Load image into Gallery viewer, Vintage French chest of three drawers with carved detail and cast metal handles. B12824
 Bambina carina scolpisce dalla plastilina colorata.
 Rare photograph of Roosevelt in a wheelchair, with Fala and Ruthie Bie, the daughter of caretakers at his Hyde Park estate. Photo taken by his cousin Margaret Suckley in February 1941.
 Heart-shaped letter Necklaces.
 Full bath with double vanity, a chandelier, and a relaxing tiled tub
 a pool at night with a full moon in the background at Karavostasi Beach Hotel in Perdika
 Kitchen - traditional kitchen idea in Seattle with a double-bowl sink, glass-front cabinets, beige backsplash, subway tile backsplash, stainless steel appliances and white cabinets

────────────────────────────────────────

ASSIGNMENT
The lines sought are those in the data above that include the string "double"; copy each one.

RESPONSE TO THE EXERCISE
 Full bath with double vanity, a chandelier, and a relaxing tiled tub
 Kitchen - traditional kitchen idea in Seattle with a double-bowl sink, glass-front cabinets, beige backsplash, subway tile backsplash, stainless steel appliances and white cabinets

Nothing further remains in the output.